Big waves are 20 feet tall or more. If you wipe out while attempting to surf one, it can push you 20 or more feet underwater, leaving you only seconds to get to the surface before the next wave crashes down. That's presuming you aren't slammed into rocks, reef or the sea floor. "Waves are not measured in feet and inches," as big wave surfing pioneer Buzzy Trent famously put it. "They are measured in increments of fear."
With injury and even death a possibility, there's a widely held presumption that big wave surfing is man's work. Why this is the case is anyone's guess, as the courage -- or insanity -- required to surf big waves has nothing to do with gender.
The Wave I Ride: The Paige Alms Story, a new documentary with upcoming screenings around the Bay Area, demonstrates this truth and then some. Watch in awe as Alms, a Maui-raised athlete, lugs a heavy rock underwater for training; and cringe in sympathy as she nurses a dislocated shoulder ripped from its socket by a wave. If Alms has the guts to go in when the surf is high, it seems like it should be a given that she should be treated with the same reverence as her male counterparts. But that's not the case. "I don't think the tide has turned yet," says Devyn Bisson, the director of The Wave I Ride.
Case in point: in January 2015, Alms became the first woman to "get barrelled" (ride inside the tube of the wave) at Jaws, a monster surf break in Maui where waves can reach 60 feet. "That was the most-talked about wave of 2015," Bisson says.
Yet no national surfing magazine bothered to mark that feat on a cover until Surfer Magazine got around to it a year after the fact. This is even though Alms received an XXL award nomination for Ride of the Year.
If Alms had become a world tour surfer, she might be able to surf full-time, even though the competition purses and corporate sponsorships are sparser and smaller for women than men. But because Alms wants to be one of a handful of women riding big waves, she has to work odd jobs in construction and surfboard repair to pay the bills.
Things are starting to change. The World Surf League just announced the very first purse for women last month: $30-thousand dollars; nowhere near what the winner at Mavericks made this year: $120 grand. Women can’t compete there yet.
Not that money is the only thing that motivates Alms. "I find the biggest highs in my life surfing big waves and there’s just a feeling that you get that you can’t get anywhere else."

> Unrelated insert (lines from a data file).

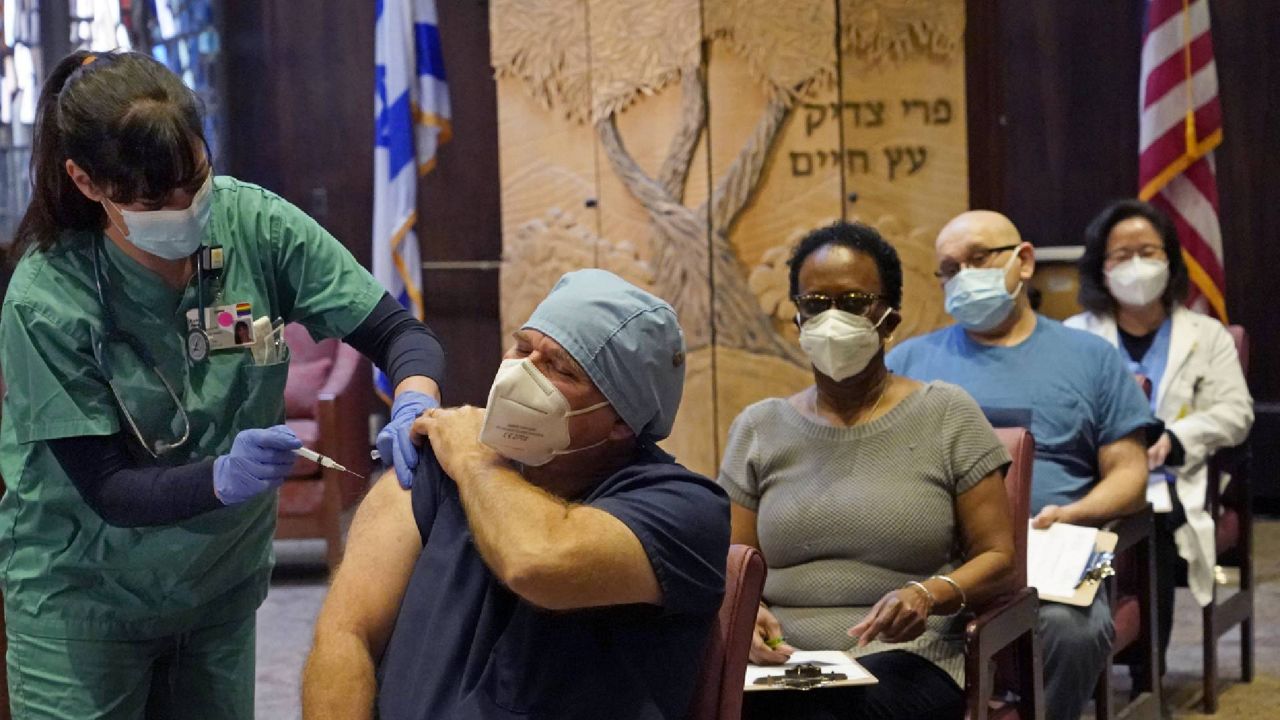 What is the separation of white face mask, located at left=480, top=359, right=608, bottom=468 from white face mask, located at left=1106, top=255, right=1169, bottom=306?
2.63m

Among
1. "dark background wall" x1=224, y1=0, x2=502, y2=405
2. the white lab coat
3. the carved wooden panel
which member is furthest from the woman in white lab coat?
"dark background wall" x1=224, y1=0, x2=502, y2=405

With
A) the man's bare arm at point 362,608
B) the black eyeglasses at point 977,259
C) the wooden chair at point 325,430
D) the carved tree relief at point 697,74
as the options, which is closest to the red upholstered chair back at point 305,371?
the wooden chair at point 325,430

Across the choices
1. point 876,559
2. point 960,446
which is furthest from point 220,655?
point 960,446

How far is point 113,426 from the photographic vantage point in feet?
6.66

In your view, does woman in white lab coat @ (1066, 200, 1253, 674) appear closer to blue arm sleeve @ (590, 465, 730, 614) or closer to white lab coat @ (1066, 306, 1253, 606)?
white lab coat @ (1066, 306, 1253, 606)

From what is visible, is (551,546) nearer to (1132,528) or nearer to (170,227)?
(170,227)

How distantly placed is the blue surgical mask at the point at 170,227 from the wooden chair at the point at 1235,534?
2.85m

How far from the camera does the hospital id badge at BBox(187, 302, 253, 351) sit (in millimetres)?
2121

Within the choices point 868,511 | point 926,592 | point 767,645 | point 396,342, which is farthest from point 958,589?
point 396,342

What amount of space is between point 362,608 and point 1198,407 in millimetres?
2888

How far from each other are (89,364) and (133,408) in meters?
0.08

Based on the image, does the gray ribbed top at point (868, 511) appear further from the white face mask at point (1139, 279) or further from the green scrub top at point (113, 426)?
the white face mask at point (1139, 279)

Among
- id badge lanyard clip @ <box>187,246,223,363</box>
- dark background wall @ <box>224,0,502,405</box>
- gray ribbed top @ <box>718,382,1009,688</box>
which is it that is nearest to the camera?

"It's mind-blowing how she's stayed in the fight," says Bisson, who is a surfer herself -- a life guard in her home town of Huntington Beach. Like Alms, Bisson started surfing at a young age, but she also filmed her friends surfing. Then she studied documentary film-making in college.
Bisson wanted to do a female-led surf film. But the director initially figured it would be a 10-minute short, rather than a full-length documentary. She didn't anticipate that Alms' role as a pioneer in big wave surfing would prove just as compelling as the action in the water. "Paige's story just kept rolling," Bisson says.
Bisson hopes her movie will help to change people's views about gender inequality when it comes to surfing. But she anticipates that it will be many years before women surfers are treated in the same way as men. "I can't wait for another 40 years when people will watch this and say, 'that's asinine that this ever happened,'" Bisson says. In the meantime, Bisson says people come up to her and Alms at screenings carrying baby girls in their arms. "They say, 'we can't wait to show this to her when she's five or ten.'"
Funding for KQED Arts is provided by The William and Flora Hewlett Foundation.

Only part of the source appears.